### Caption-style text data
********************

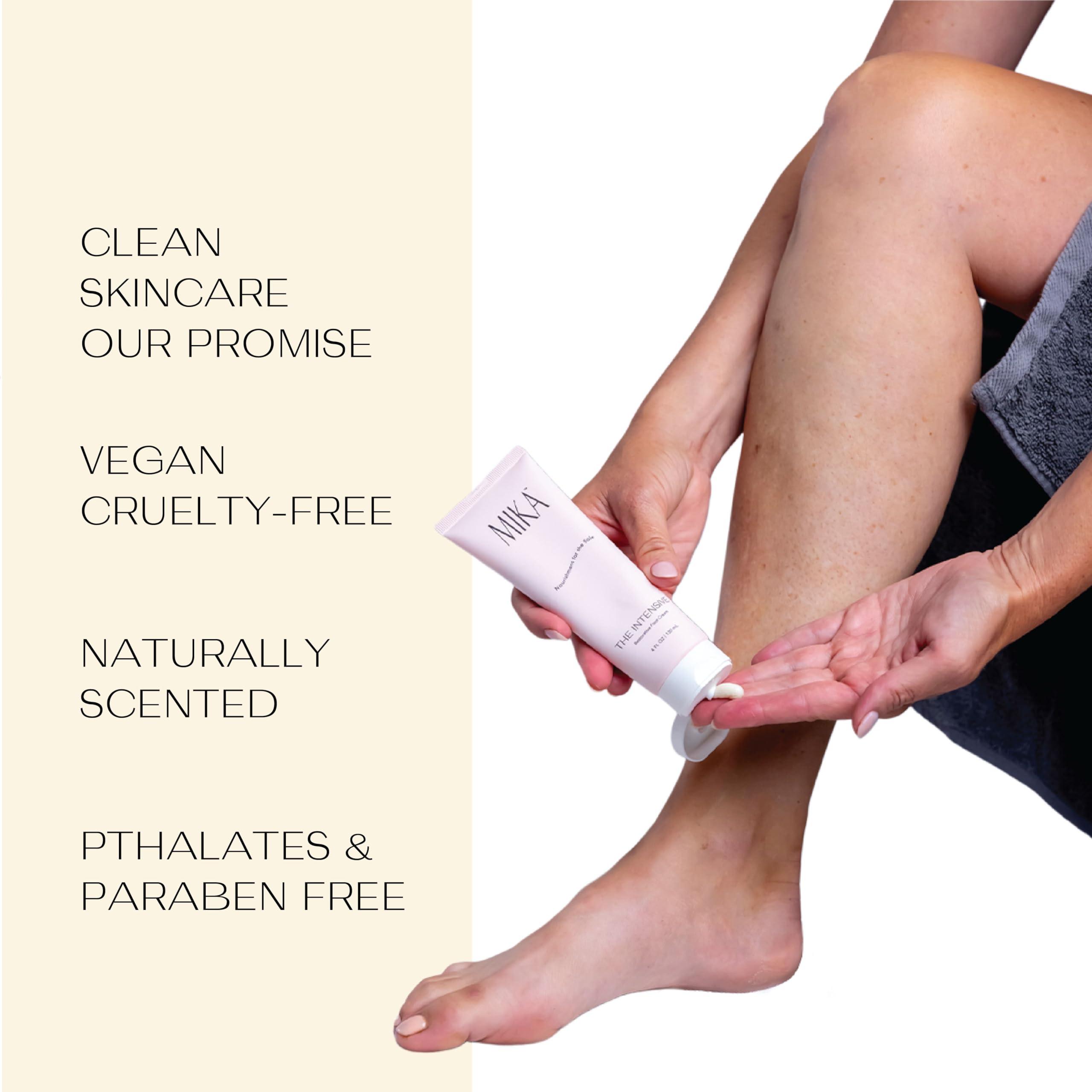 Mika Vie Foot Cream for Dry Cracked Heels | 25% Urea Cream for Feet with Vitamin E | Foot Moisturizer & Cracked Heel Treatment | Naturally Scented, Paraben and Phthalate Free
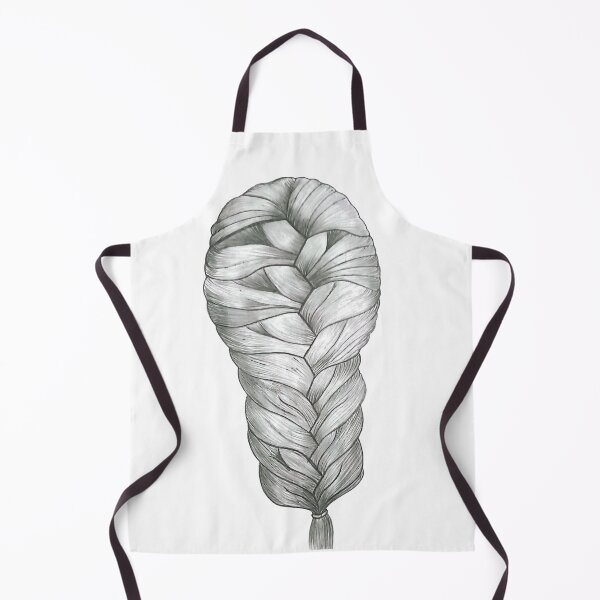 Item preview, Hand-Drawn Hair Braid Pencil Sketch Art designed and sold by Alaakadry800.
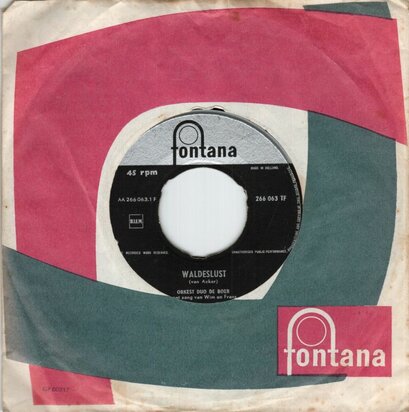 Orkest Duo De Boer - Waldeslust + Schon Sind Die Frau'n In Peru (Vinylsingle)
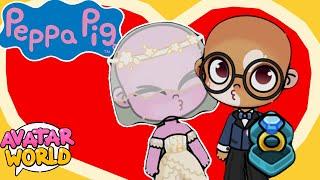 Peppa Pig Gets Married in Avatar World   | Love Story LIVE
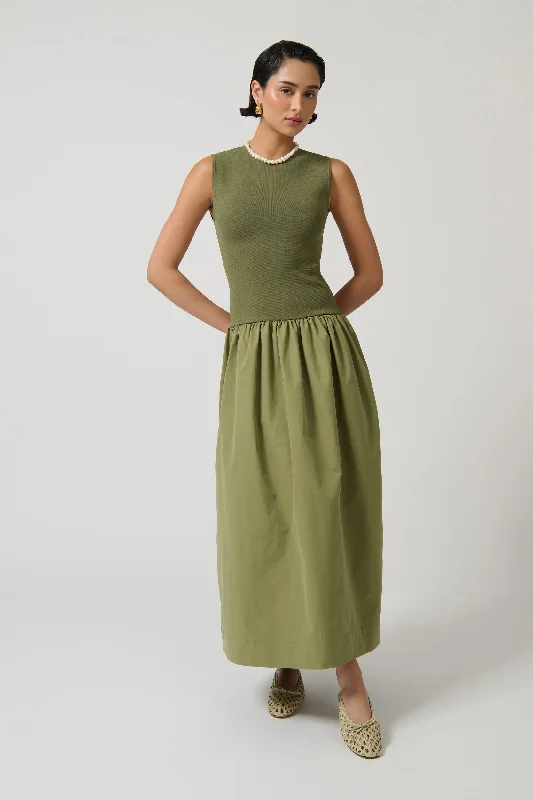 ONTE - ROCIO KHAKI DRESS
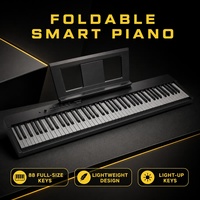 Piano numérique portable pliable Beisite S-281 à 88 touches, orgue électrique, clavier électronique, touches semi-lestées sensibles à la vitesse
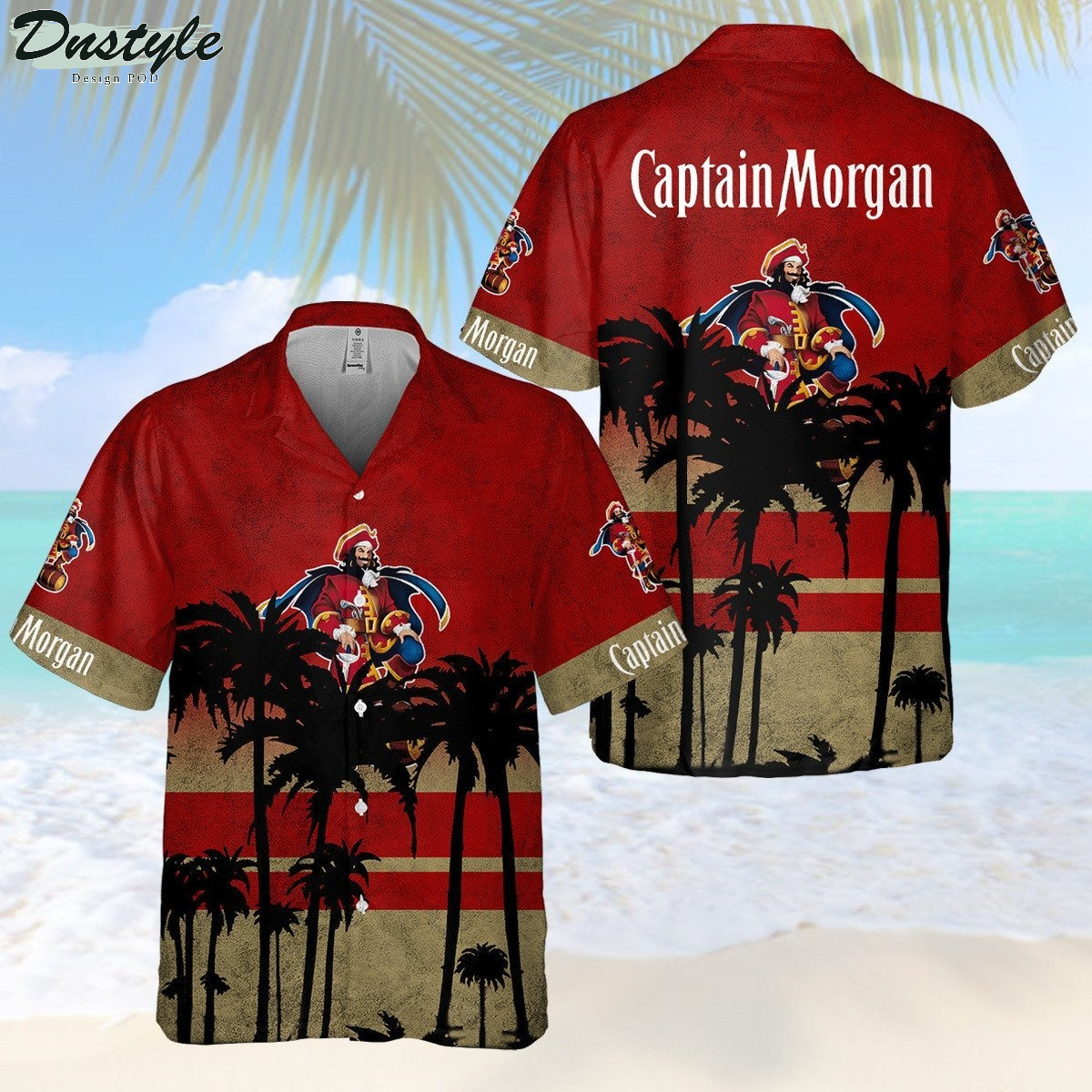 Summer Vibes Captain Morgan Hawaii Shirt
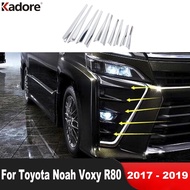 Front Fog Light Lamp Cover Trim For Toyota Voxy Noah R80 2017 2018 2019 Chrome Car Accessories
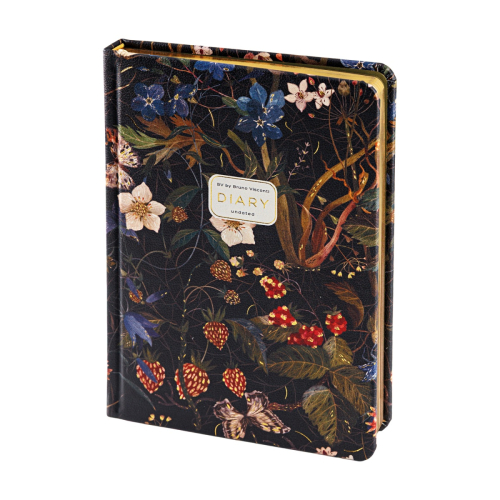 Ежедневник А5 к/з фотопеч 120л BV Лесные Ягоды золотой обрез 3-744/09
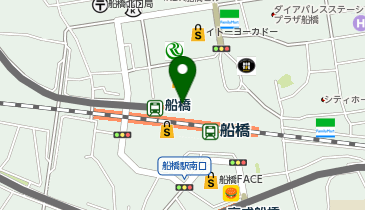 コクミンドラッグシャポー船橋店の地図画像
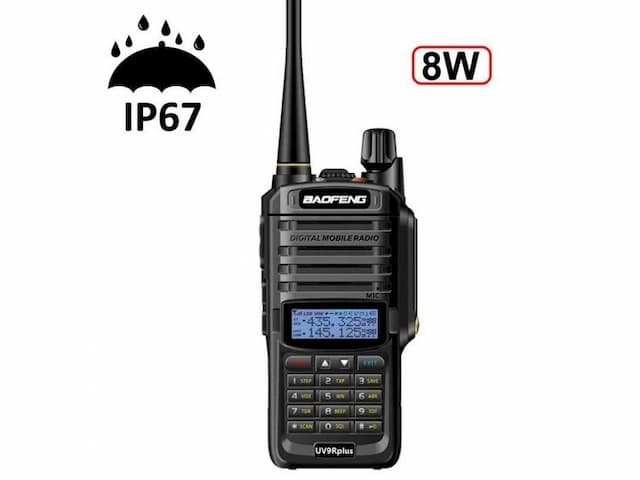 Рация Baofeng UV-9R PLUS влагозащита IP-67 мощность 8W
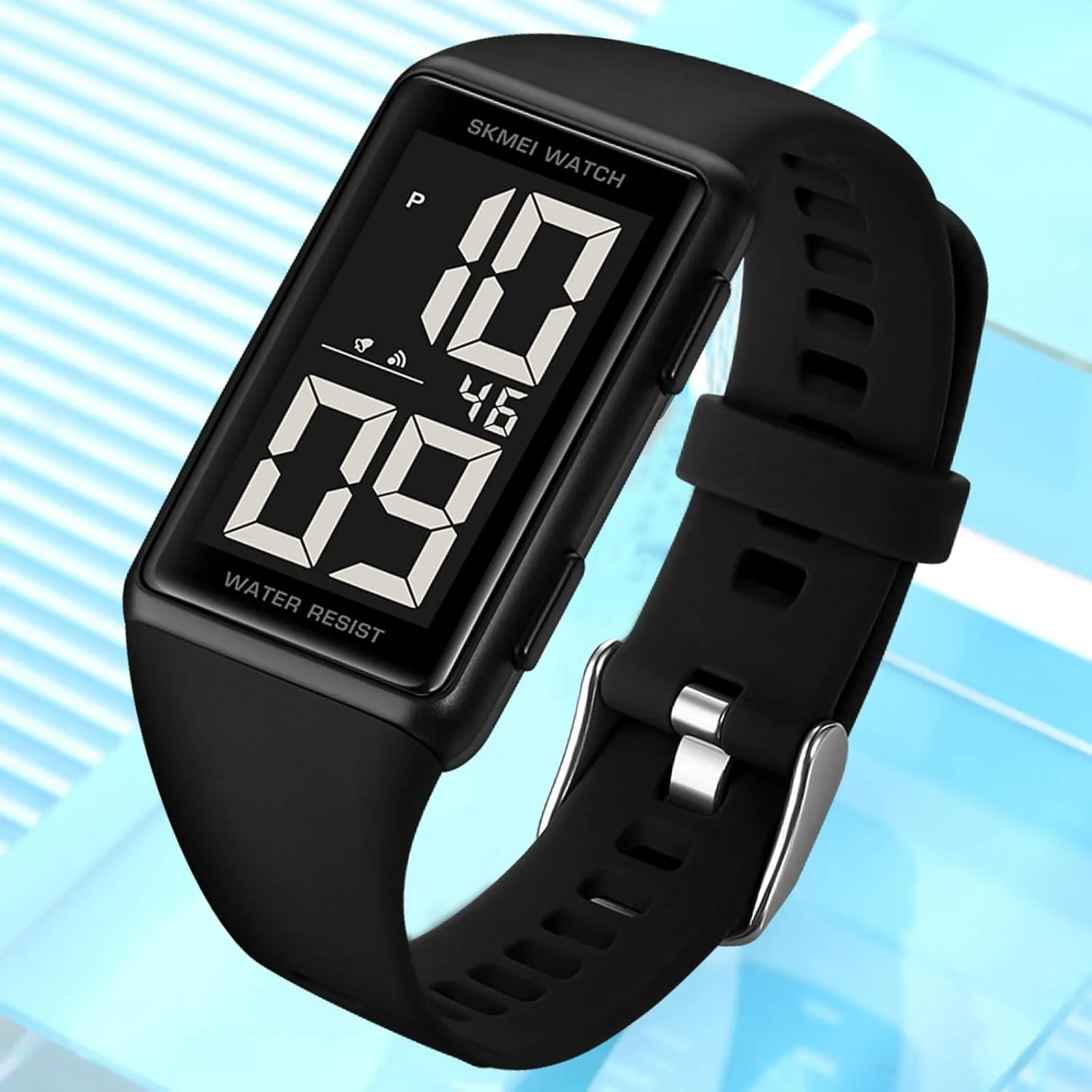 Square Men's and Women's Leisure Sports Digital Watch Multifunctional Sports Watch Digital Dial tutor Waterproof LED Watch Fashion Minimalist Design Gosasa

********************

What is needed is every record above printed exactly, with no pictures.

### Exercise response
 Mika Vie Foot Cream for Dry Cracked Heels | 25% Urea Cream for Feet with Vitamin E | Foot Moisturizer & Cracked Heel Treatment | Naturally Scented, Paraben and Phthalate Free
 Item preview, Hand-Drawn Hair Braid Pencil Sketch Art designed and sold by Alaakadry800.
 Orkest Duo De Boer - Waldeslust + Schon Sind Die Frau'n In Peru (Vinylsingle)
 Peppa Pig Gets Married in Avatar World   | Love Story LIVE
 ONTE - ROCIO KHAKI DRESS
 Piano numérique portable pliable Beisite S-281 à 88 touches, orgue électrique, clavier électronique, touches semi-lestées sensibles à la vitesse
 Summer Vibes Captain Morgan Hawaii Shirt
 Front Fog Light Lamp Cover Trim For Toyota Voxy Noah R80 2017 2018 2019 Chrome Car Accessories
 Ежедневник А5 к/з фотопеч 120л BV Лесные Ягоды золотой обрез 3-744/09
 コクミンドラッグシャポー船橋店の地図画像
 Рация Baofeng UV-9R PLUS влагозащита IP-67 мощность 8W
 Square Men's and Women's Leisure Sports Digital Watch Multifunctional Sports Watch Digital Dial tutor Waterproof LED Watch Fashion Minimalist Design Gosasa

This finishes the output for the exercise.